> WHAT IS NEEDED: After locating the line that contains "Womens Winter Beret" in the data below, set down exactly that line and each one after it through the line that contains "REO Property Snow", and nothing more.

Records from a collection
========

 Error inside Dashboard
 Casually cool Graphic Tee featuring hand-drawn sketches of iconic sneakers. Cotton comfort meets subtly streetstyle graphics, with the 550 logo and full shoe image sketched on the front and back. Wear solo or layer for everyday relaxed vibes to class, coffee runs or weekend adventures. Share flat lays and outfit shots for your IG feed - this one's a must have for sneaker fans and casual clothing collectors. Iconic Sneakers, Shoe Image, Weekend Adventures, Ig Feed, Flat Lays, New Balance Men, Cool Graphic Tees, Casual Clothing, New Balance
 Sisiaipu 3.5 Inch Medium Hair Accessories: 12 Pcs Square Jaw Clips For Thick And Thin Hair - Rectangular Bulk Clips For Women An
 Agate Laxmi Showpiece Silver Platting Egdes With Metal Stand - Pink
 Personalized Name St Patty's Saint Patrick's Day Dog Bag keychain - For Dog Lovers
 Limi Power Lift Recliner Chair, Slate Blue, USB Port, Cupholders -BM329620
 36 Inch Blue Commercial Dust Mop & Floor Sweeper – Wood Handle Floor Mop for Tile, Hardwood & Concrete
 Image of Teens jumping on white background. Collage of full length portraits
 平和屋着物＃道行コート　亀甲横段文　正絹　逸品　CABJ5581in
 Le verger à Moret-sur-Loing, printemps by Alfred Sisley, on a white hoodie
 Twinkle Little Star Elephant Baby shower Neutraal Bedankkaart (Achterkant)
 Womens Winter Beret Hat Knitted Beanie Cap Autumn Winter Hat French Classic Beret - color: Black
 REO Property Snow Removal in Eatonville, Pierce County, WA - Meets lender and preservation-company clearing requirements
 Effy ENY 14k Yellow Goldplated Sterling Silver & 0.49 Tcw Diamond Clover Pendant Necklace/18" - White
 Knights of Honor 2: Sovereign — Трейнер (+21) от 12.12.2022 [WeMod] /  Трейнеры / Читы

========

> RESPONSE:
 Womens Winter Beret Hat Knitted Beanie Cap Autumn Winter Hat French Classic Beret - color: Black
 REO Property Snow Removal in Eatonville, Pierce County, WA - Meets lender and preservation-company clearing requirements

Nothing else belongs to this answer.